### INPUT DATA
• • • •
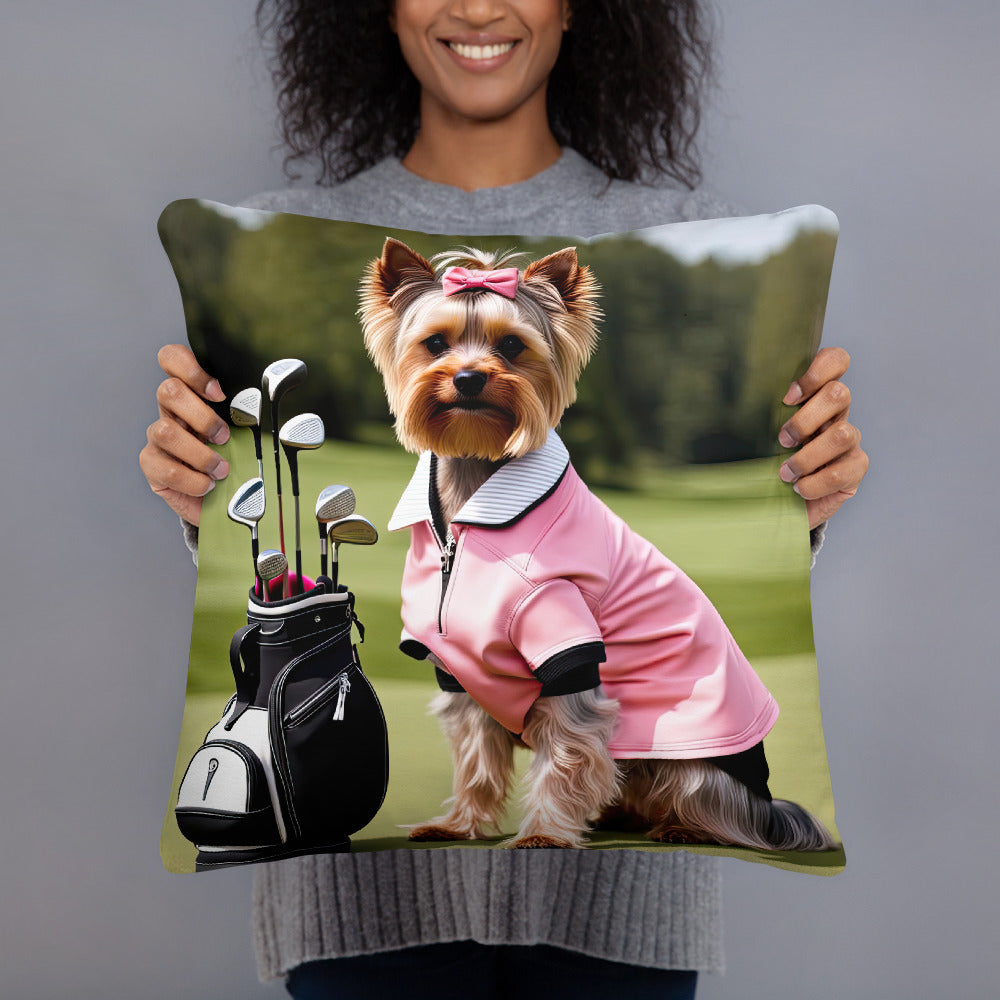 Yorkshire Terrier Golfer- Basic Pillow v2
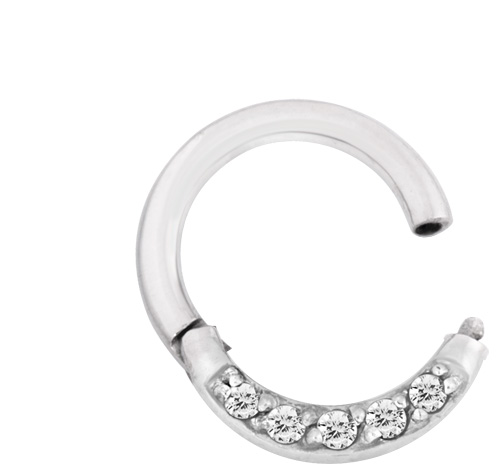 SS316L JEWELLED HINGED RING W. CZ (PAVE SETTING)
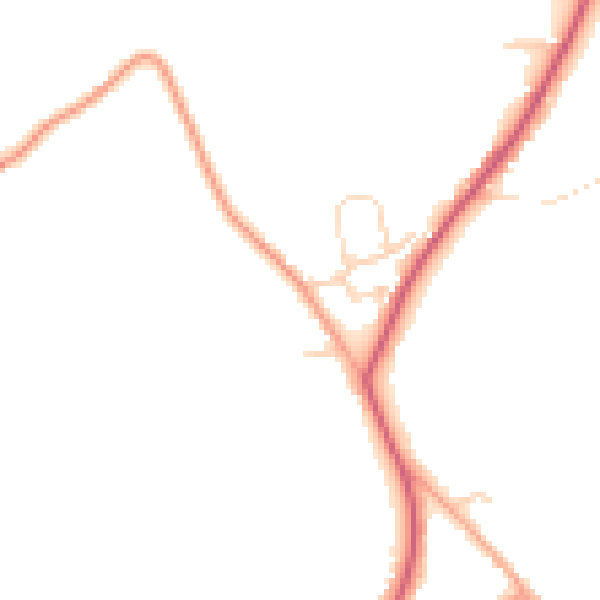Daytime road noise heatmap for CO13 0JE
• • • •
Copy all the material exactly; omit images.

 Yorkshire Terrier Golfer- Basic Pillow v2
 SS316L JEWELLED HINGED RING W. CZ (PAVE SETTING)
Daytime road noise heatmap for CO13 0JE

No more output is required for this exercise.